Don’t school meals contain processed foods?

  • What have become known as “processed foods” are increasingly being prepared with healthier ingredients, as well as less fat, sodium and sugar.
    • Pizzas are increasingly made with whole grain crusts, low-sodium sauce and reduced fat cheese.
    • Chicken nuggets regularly use whole grain breading and are baked rather than fried.
    • French fries are without trans fat and baked instead of fried – and many schools are now serving baked sweet potato fries

Are school nutrition programs supporting Michelle Obama’s Let’s Move! campaign?

  • As members of the School Nutrition Association, 55,000 school nutrition professionals are partnering with Let’s Move! in support of programs that further the health and well-being of the nation’s children.

How many schools participate in the National School Lunch and Breakfast Programs?
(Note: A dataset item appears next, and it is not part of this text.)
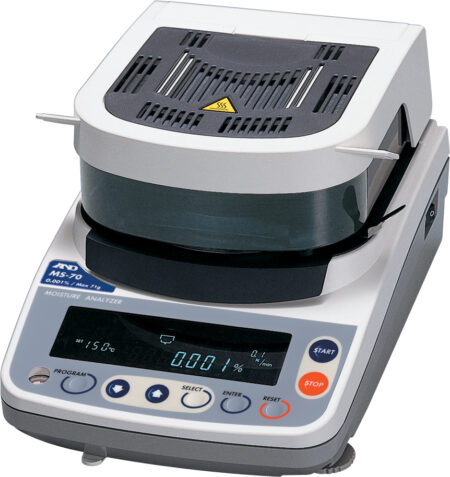 A digital moisture analyzer with a display screen, control buttons, and a heating element on top, used for measuring moisture content in samples.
  • The National School Lunch Program operates in nearly 95% of America’s schools, providing lunches to more than 31 million children daily with 5 billion lunches served annually. Approximately 85% of schools participate in the National School Breakfast Program (NSBP), which serves more than 12 million children daily, more than 2 billion breakfasts a year.

Do all students have access to the National School Lunch and Breakfast Programs?

  • All children at participating schools may purchase meals, meeting federal nutrition standards, through the National School Lunch and Breakfast Programs, but families with incomes at or below 185 percent of the poverty level are eligible for free or reduced price meals. Families receive applications for the free and reduced price program from their school nutrition department at the start of the school year.